INTRODUCTION

The main causes and effects of air pollution are always related to humans. Humans are the main and biggest cause of air pollution. Humans also feel the worst effects of air pollution. Air pollution is one of the environmental damage, in the form of a decrease in air quality due to the entry of harmful elements into the air or the earth’s atmosphere. One of the dangerous elements that enter the atmosphere is carbon monoxide (CO). Government, NGO, and other organization analyze the CO concentration so they could make better action for the future.
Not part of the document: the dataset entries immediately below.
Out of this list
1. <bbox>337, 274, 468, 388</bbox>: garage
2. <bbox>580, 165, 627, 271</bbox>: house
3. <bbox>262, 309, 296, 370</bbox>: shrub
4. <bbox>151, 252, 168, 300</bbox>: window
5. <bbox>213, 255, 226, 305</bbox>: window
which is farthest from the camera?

This is a report of my forecasting result and seasonality explanation for hourly CO concentration.

IMPORT DATA

Load The Packages

library(lubridate)
library(dplyr)
library(forecast)
library(ggplot2)
library(ggthemes)
library(nortest)
library(scales)
library(padr)
library(zoo)

Read Data

airquality <- read.csv("data/PRSA_Data_Tiantan_20130301-20170228.csv")

head(airquality)

The air-quality data are from the Beijing Municipal Environmental Monitoring Center. The meteorological data in each air-quality site are matched with the nearest weather station from the China Meteorological Administration which is Tiantan station for this dataset. The time period is from March 1st, 2013 to February 28th, 2017.
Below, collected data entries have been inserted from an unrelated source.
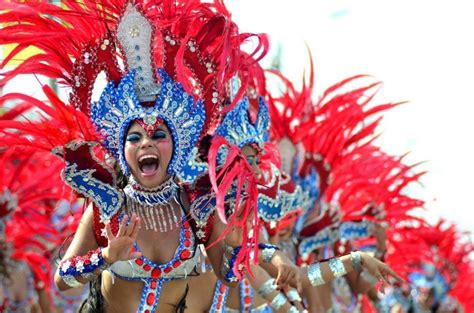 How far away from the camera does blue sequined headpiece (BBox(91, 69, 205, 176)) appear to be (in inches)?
186

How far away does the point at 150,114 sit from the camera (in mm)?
4715

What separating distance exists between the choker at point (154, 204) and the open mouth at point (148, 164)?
4.4 inches

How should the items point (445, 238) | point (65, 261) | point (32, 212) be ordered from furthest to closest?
point (445, 238), point (32, 212), point (65, 261)

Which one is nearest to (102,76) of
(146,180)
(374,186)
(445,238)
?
(146,180)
The dataset includes information about:

  • No: row number
  • year: year of data in this row
  • month: month of data in this row
  • day: day of data in this row
  • hour: hour of data in this row
  • PM2.5: PM2.5 concentration (ug/m^3)
  • PM10: PM10 concentration (ug/m^3)
  • SO2: SO2 concentration (ug/m^3)
  • NO2: NO2 concentration (ug/m^3)
  • CO: CO concentration (ug/m^3)
  • O3: O3 concentration (ug/m^3)
  • TEMP: temperature (degree Celsius)
  • PRES: pressure (hPa)
  • DEWP: dew point temperature (degree Celsius)
  • RAIN: precipitation (mm)
  • wd: wind direction
  • WSPM: wind speed (m/s)
  • station: name of the air-quality monitoring site

DATA PREPROCESSING

Data Aggregation

1. Arrange Data and Adjust Data Type

airquality <- airquality %>%
  mutate(date = make_datetime(year, month, day, hour)) %>%
  arrange(date)

2. Time Series Padding

airquality <- airquality %>%
  pad(start_val = ymd_hms("2013-03-01 00:00:00"))

3. Select Data

airquality <- airquality %>%
  select(date, CO)

4. Check and Replace NA Value

colSums(is.na(airquality))
#> date   CO 
#>    0 1126

NA value pada kasus disebabkan oleh tidak adanya transaksi, misalnya saat toko tutup. Dengan demikian, NA value dapat digantikan dengan nilai 0.

airquality <- airquality %>% 
  mutate(CO = na.fill(CO, fill = "extend"))

SEASONALITY ANALYSIS

Time Series Object

ts <- ts(
  data = airquality$CO,
  frequency = 24)

ts %>%
  decompose() %>%
  autoplot()

Decomposing a time series means separating it into it’s constituent components.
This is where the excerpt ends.